Once we (my New Jamaican friend and I) got on Hwy3, it was difficult to continue our conversation. Too much traffic and too little shoulder. We said goodbye when he reached the store he was heading for. I rode on and stopped at a Tim Hortons for soup and a Bagel. Then I rode on east. 3 got better than worse then better, etc. etc. Sometimes the shoulder went away and other times it was close to unrideable, but mostly it was adequate. I stopped in Jarvis for a milkshake and met some other folks from North Carolina who were on a car vacation whose route was similar to mine. Then I headed east again.
By this time I had dome 80 miles, so it was time to look ahead for a place to stop. Cayuga looked promising: 20 plus miles down the road and big enough to have places to stay. I emptied my water bottles before I got there and stopped at a store before Nelles Corner. The nice folks there told me that there was no place to stay in Cayuga, but there was a nice B+B just before it. The B+B didn't answer its phone and, when I rode there, no one was home although windows were open and it didn't look like they'd be gone for long. I decided to ride on through Cayuga to Dunnville which did have motels.

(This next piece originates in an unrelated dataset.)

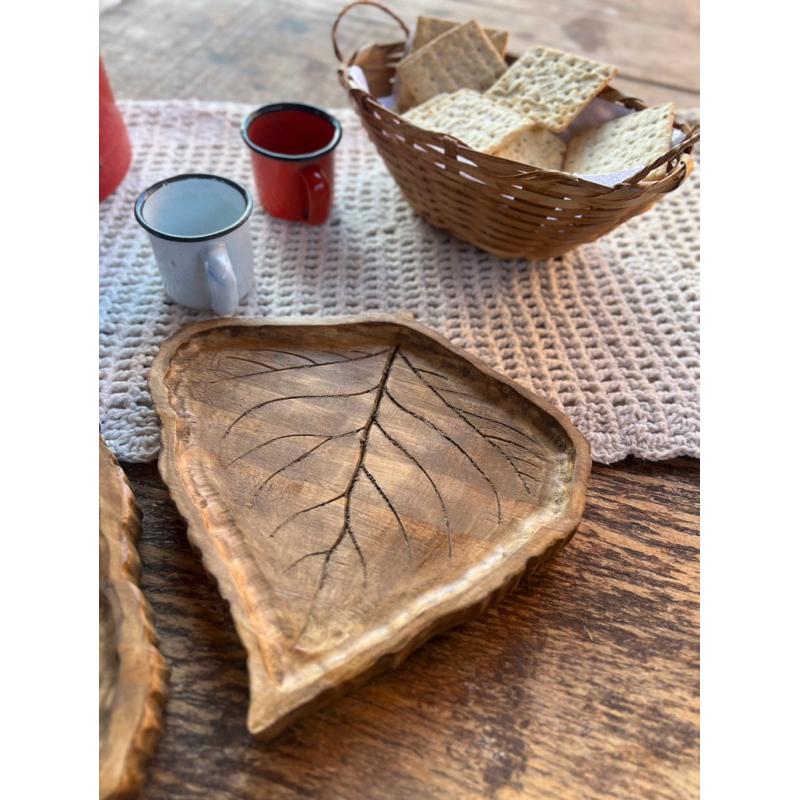 FOLHA - bandeja de madeira formato e entalhe de folha - artesanato para decoração rustica quadro natureza, parede, mesa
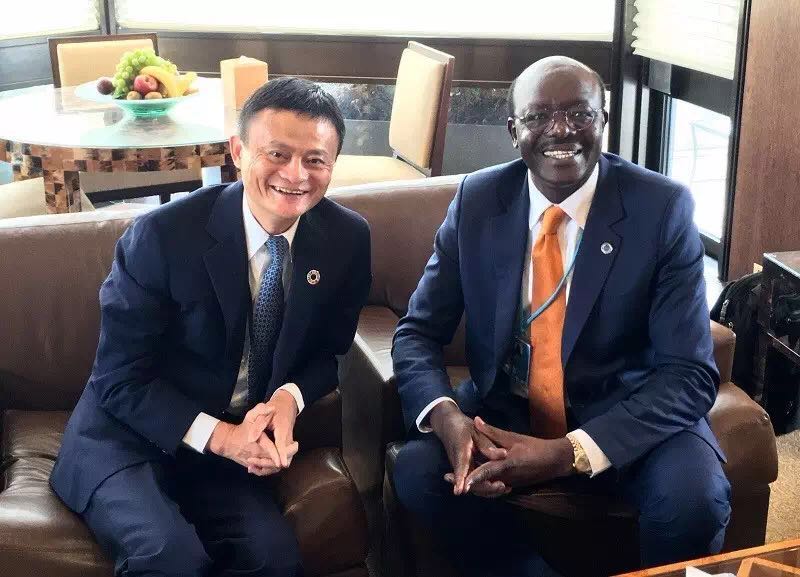 马云与联合国贸发会议秘书长基图伊（Mukhisa Kituyi）交流中小企业发展问题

I rode cr17, which is a very nice ride, from Cayuga to near Dunnville. There was a B+B on 17, but, although people were obviously there and the sign said vacancy, they didn't answer their doorbell. At he intersection of 17 and 3 there is a small motel that was full (with a sign saying vacancy) and I was beginning to wonder if I was going to find a place in Dunnville. I did, although it has a bed so soft I have already dragged the mattress and bedding onto the floor in hope of minimizing backache tomorrow, and I had a good supper at the Chinese - Canadian restaurant next door.
When I first got to my room I turned on the Canadian Weather Channel and was greeted by a bunch of severe weather watches for Ontario. The sky had looked pretty strange today and the heat and humidity were near record levels (which made it merely warm and hazy to us southern types), so I wasn't too surprised. Mainly I was relieved to have a reasonably comfortable place - my first air conditioned room in Canada - to stay while the storms come through tonight. Hopefully there won't be too much severe weather associated with them.